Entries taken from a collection
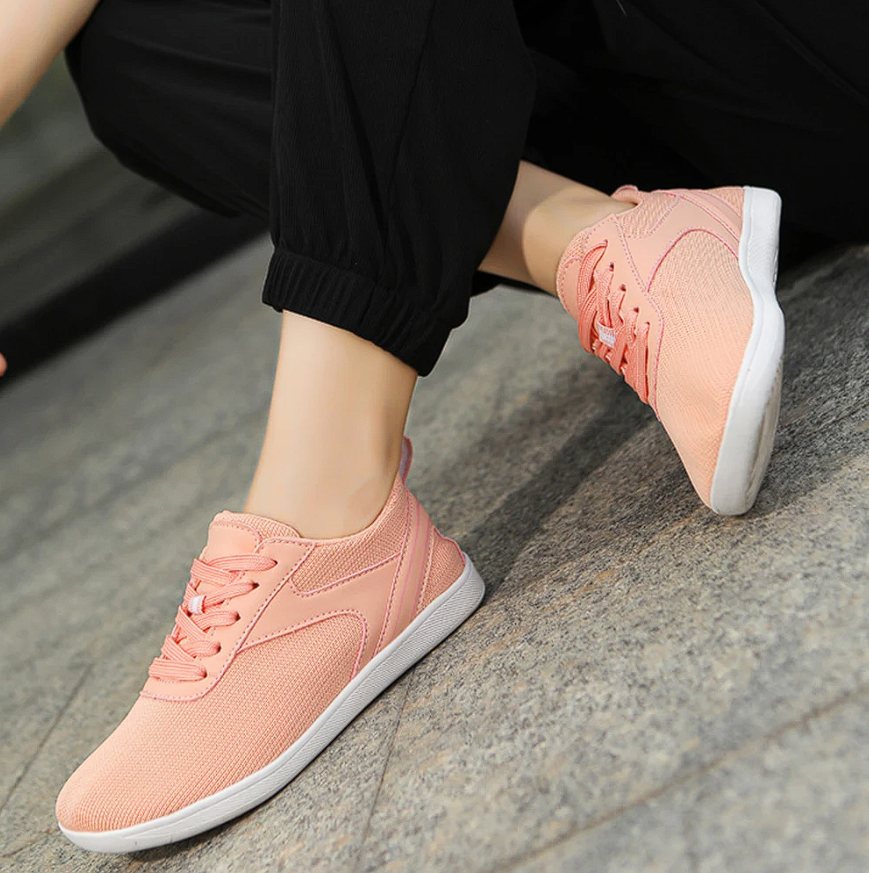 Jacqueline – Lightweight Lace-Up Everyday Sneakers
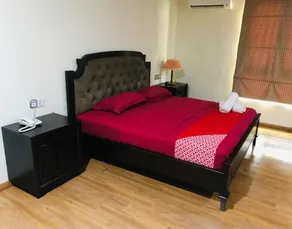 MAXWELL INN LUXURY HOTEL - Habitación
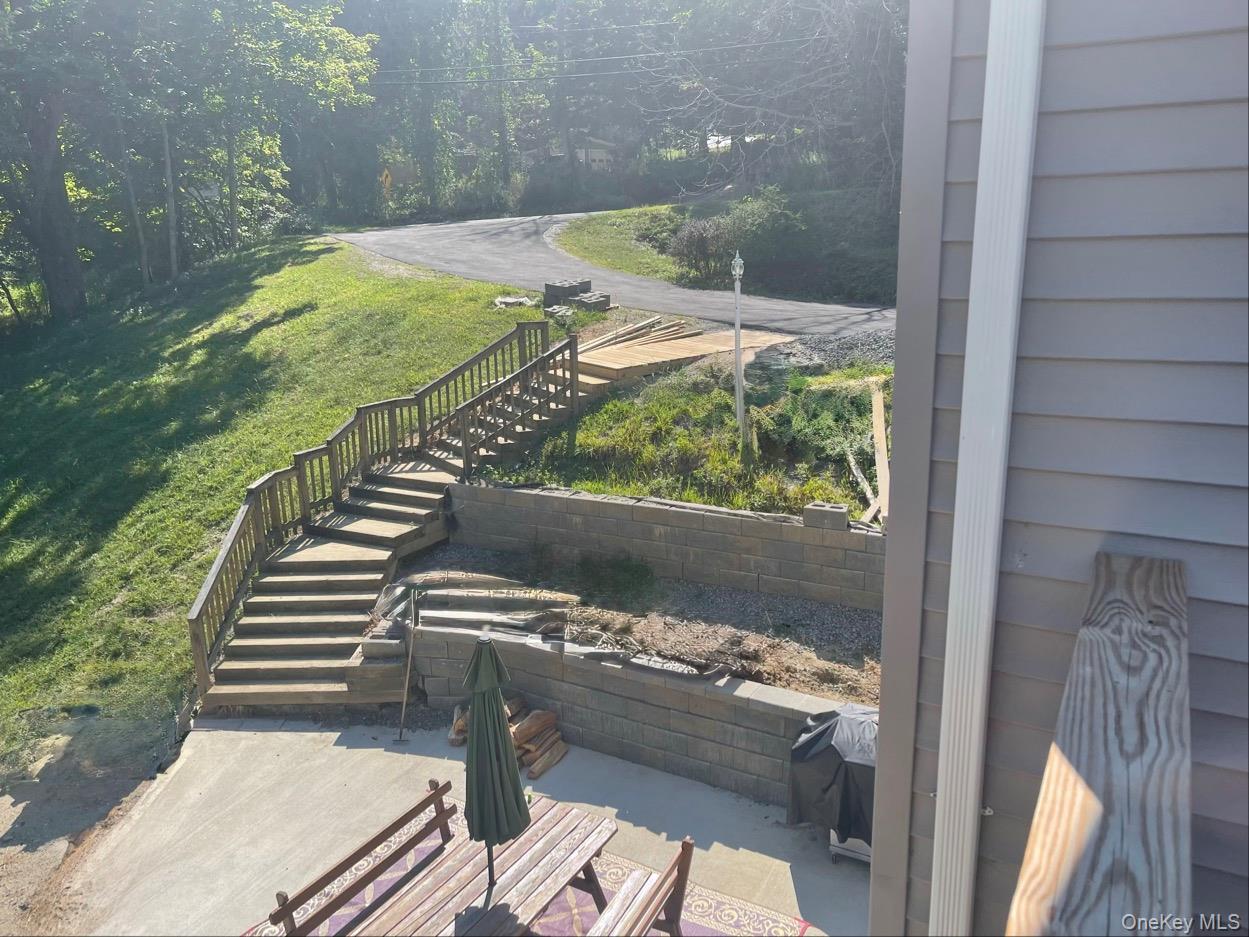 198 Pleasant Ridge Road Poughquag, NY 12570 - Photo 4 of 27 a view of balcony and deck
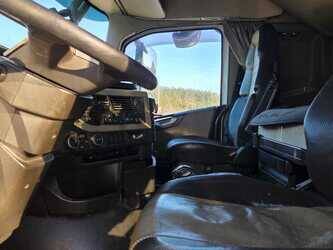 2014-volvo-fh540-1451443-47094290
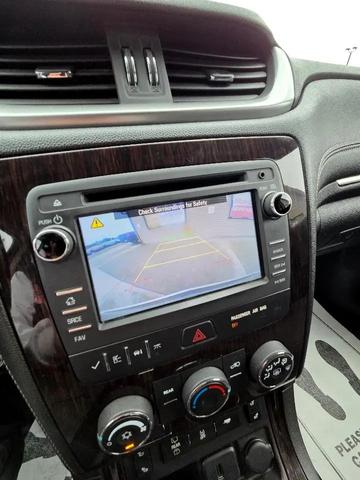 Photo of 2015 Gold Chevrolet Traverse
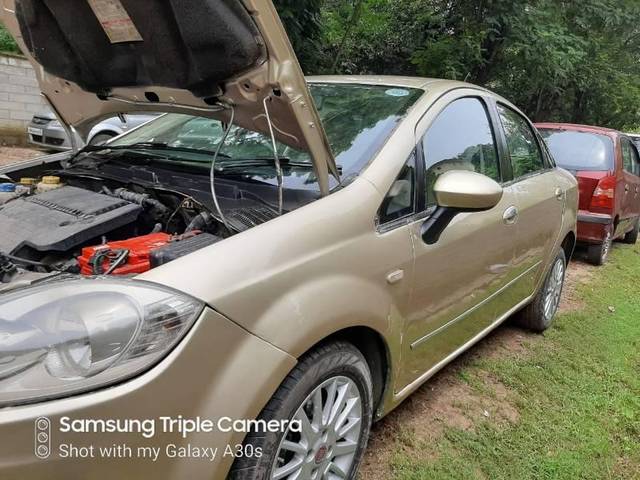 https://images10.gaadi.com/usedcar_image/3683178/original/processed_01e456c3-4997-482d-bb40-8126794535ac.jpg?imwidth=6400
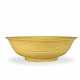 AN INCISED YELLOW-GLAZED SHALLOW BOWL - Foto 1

What the task asks -
When you copy the entries above, keep every word exactly and omit the images.

Completed exercise -
 Jacqueline – Lightweight Lace-Up Everyday Sneakers
 MAXWELL INN LUXURY HOTEL - Habitación
 198 Pleasant Ridge Road Poughquag, NY 12570 - Photo 4 of 27 a view of balcony and deck
 2014-volvo-fh540-1451443-47094290
 Photo of 2015 Gold Chevrolet Traverse
 https://images10.gaadi.com/usedcar_image/3683178/original/processed_01e456c3-4997-482d-bb40-8126794535ac.jpg?imwidth=6400
 AN INCISED YELLOW-GLAZED SHALLOW BOWL - Foto 1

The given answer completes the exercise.